Copy verbatim the block of lines in the entries below whose first line contains "Open living room with cathedral ceilings" and whose last line contains "Ada Hand Embroidered". Leave out all other lines.

# [Given records]
........
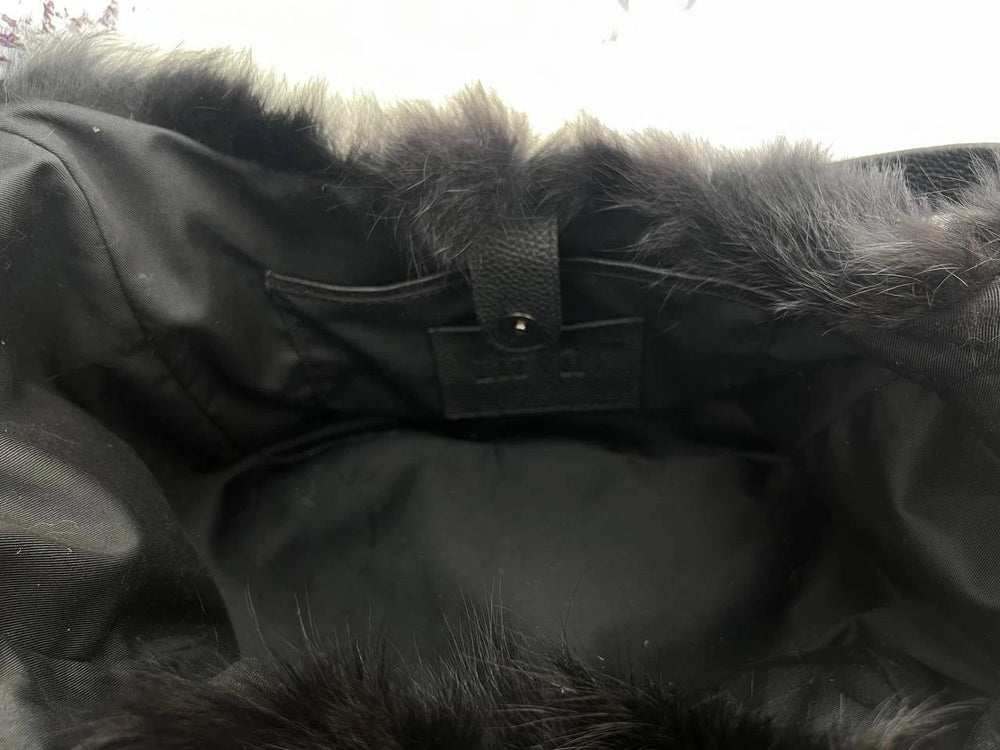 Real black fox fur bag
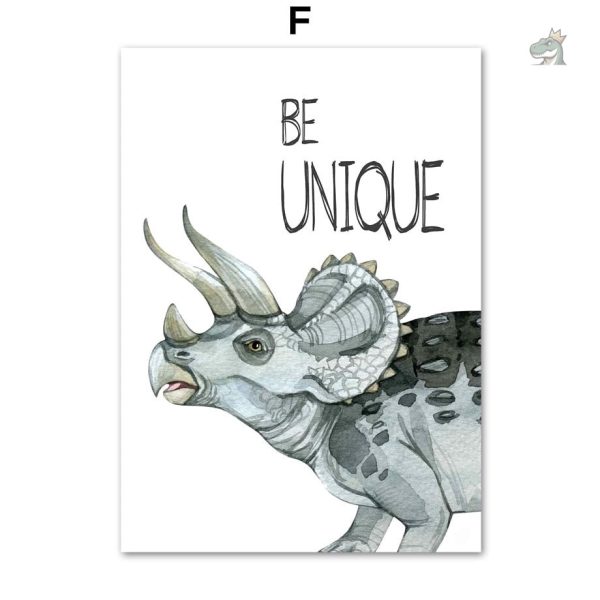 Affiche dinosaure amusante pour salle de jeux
........
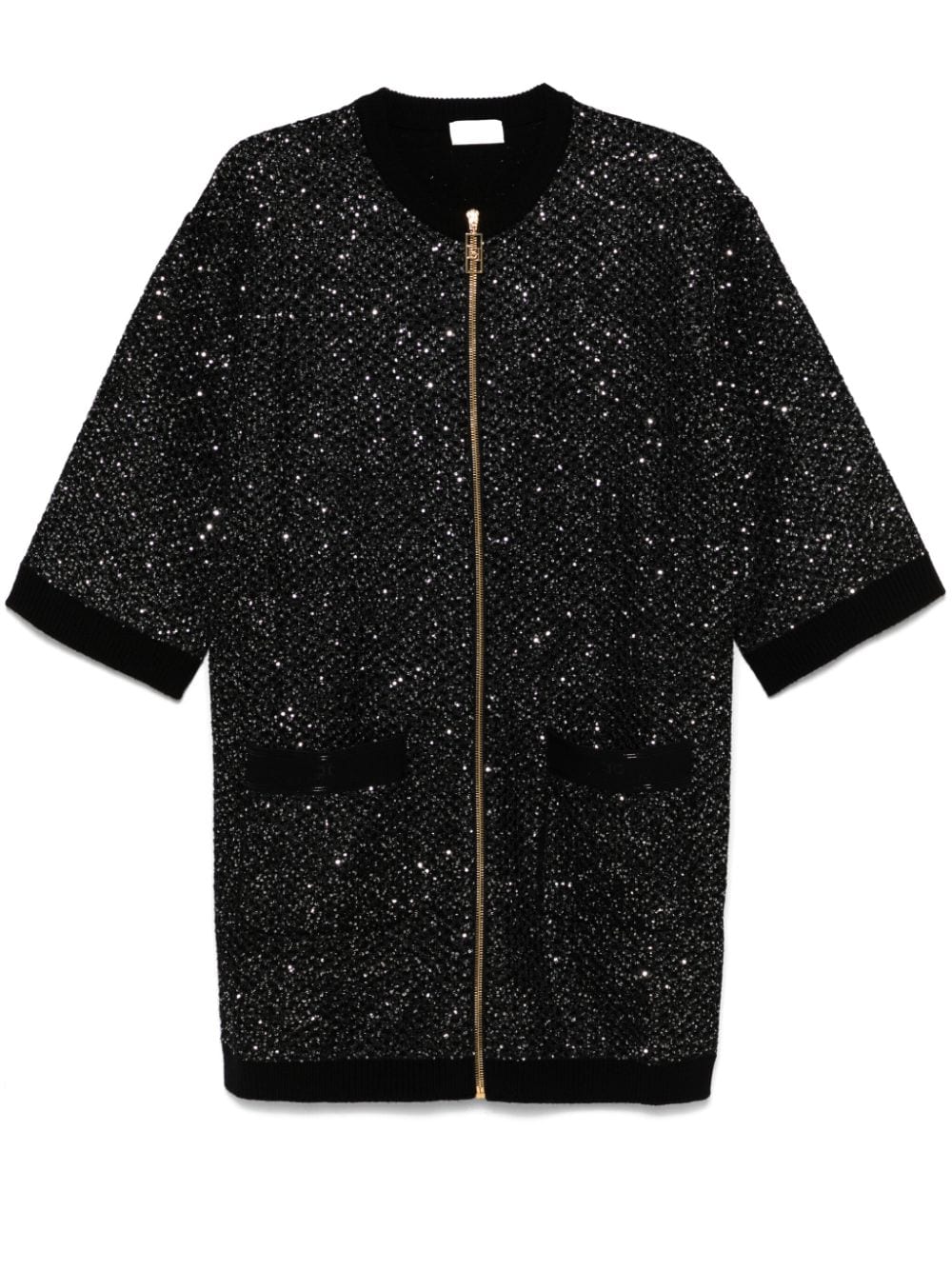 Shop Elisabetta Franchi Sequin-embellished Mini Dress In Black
........
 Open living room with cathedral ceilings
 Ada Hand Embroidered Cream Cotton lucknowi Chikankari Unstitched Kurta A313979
........
# [Result]
 Open living room with cathedral ceilings
 Ada Hand Embroidered Cream Cotton lucknowi Chikankari Unstitched Kurta A313979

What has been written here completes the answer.